Los Sabios en el Talmud (נדרים כב ע»א) afirman que:
כָּל הַכּוֹעֵס – כָּל מִינֵי גֵיהִנּוֹם שׁוֹלְטִים בּוֹ
Aquel que se enoja, todo tipo de infiernos tienen dominio sobre él (lo gobiernan)
(Nedarim 22a)
Ya explicamos en otras oportunidades que la función única del enojo es advertirnos de que algo nos provoca impotencia, para que nos demos por notificados y procedamos a resolver la situación de la mejor manera posible.
Hasta ahí lo bueno del enojo, lo malo es todo el resto.
Cuando cobra primacía, se convierte en el foco de atención, desplaza todo otro asunto para reinar en tu mente y corazón.
El enojo controla, y porque manda, destroza ya que está dominando aquello para lo cual no fue diseñado que dominara.
Entonces, todo tipo de infiernos te sobrevienen, en sentido metafórico evidentemente.
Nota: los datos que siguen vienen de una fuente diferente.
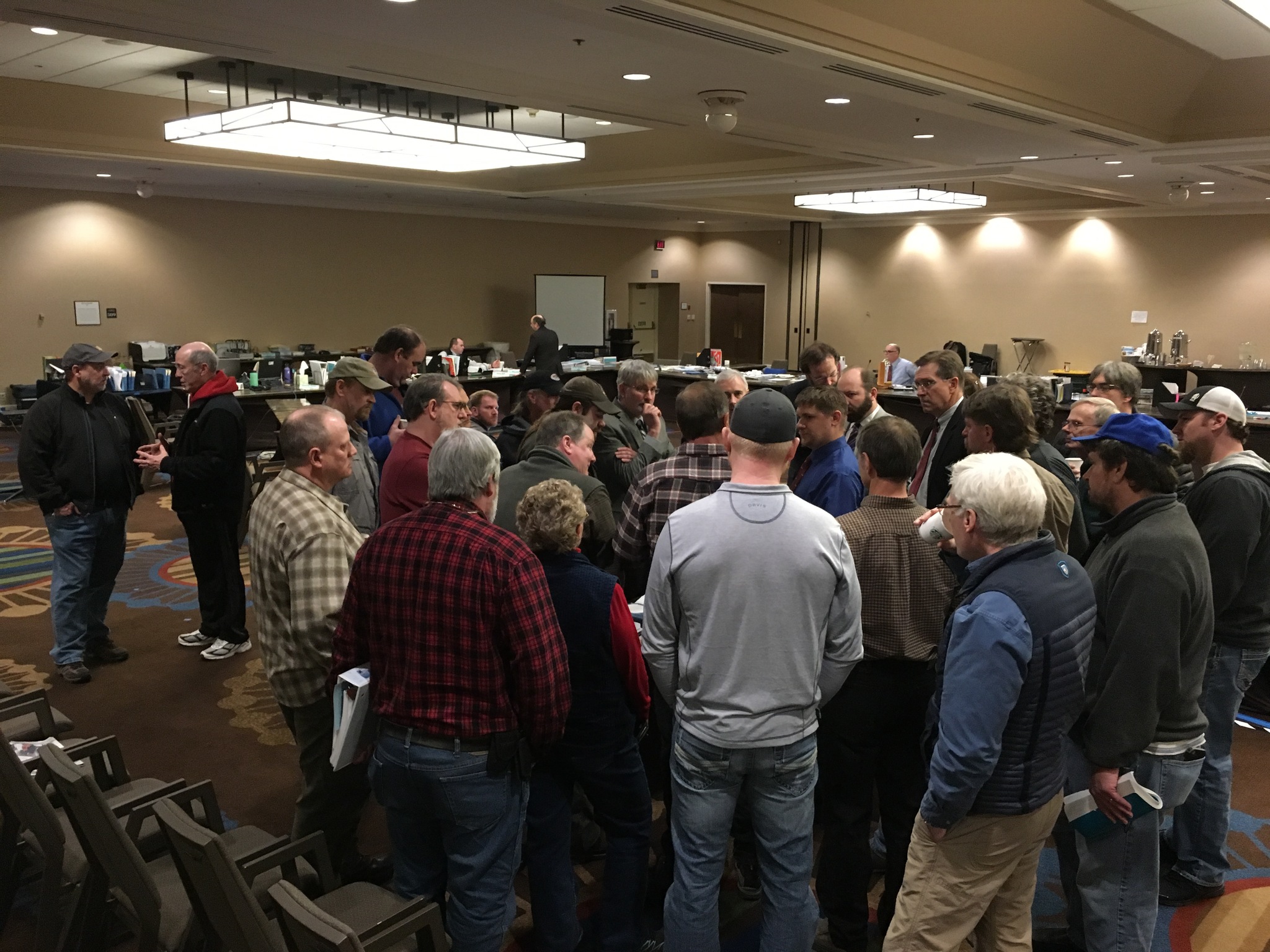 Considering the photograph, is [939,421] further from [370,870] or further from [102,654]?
[102,654]

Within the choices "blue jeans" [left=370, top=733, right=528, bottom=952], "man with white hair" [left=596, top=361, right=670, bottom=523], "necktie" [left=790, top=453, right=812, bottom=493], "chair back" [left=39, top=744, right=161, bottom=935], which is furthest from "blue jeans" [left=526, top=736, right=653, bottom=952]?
"necktie" [left=790, top=453, right=812, bottom=493]

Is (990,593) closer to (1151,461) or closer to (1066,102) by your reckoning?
(1151,461)

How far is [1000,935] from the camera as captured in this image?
2436 mm

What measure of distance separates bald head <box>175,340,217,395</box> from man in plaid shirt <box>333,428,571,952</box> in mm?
2877

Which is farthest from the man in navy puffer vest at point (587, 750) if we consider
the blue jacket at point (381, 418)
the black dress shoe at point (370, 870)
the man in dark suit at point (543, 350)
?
the man in dark suit at point (543, 350)

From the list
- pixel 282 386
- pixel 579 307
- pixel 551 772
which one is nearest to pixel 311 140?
pixel 282 386

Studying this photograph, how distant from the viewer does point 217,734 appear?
433cm

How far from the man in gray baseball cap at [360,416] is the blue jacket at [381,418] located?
29 cm

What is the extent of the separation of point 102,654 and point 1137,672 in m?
5.08

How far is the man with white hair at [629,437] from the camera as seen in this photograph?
14.5 feet

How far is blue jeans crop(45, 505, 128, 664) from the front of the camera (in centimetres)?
484

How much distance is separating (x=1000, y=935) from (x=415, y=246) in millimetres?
15293

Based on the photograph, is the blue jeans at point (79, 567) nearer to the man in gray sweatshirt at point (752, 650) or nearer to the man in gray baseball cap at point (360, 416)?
the man in gray baseball cap at point (360, 416)


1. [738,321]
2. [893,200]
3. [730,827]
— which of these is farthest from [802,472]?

Muchas desgracias, pesares, peleas, rupturas, quiebres, faltas, y se suman más y más impotencias a la que dio origen a la señal de alerta que es el enojo.
¿Se entiende cuál es el abismo al cual nos lleva darle rienda al enojo?
Y suele ser cuestión de un mínimo instante, menos incluso de un segundo, cuando ese furor rompe el dique y desparrama todo lo que no debiera estar almacenado (si lleváramos una vida saludable emocionalmente).
Un descontrol terrible, lamentable.
Por ello, el sabio consejo sería estar atento al enojo, darse cuenta de que lo sentimos e inmediatamente apagarlo.
No llevar las cosas a otro nivel, en el cual no tenemos control.
Simplemente darnos cuenta, admitir que estamos en una situación de impotencia (real o imaginaria) y con cordura ver qué hacer para sobrellevar el momento.
Es fácil decirlo, inmensamente pesado llevarlo a la práctica.
Pero, si con esto como excusa, o cualquier otra cosa, no empezamos a entrenarnos en el difícil arte de dominar nuestra reacción, entonces no nos queda más que resignarnos a ser esclavos de por vida.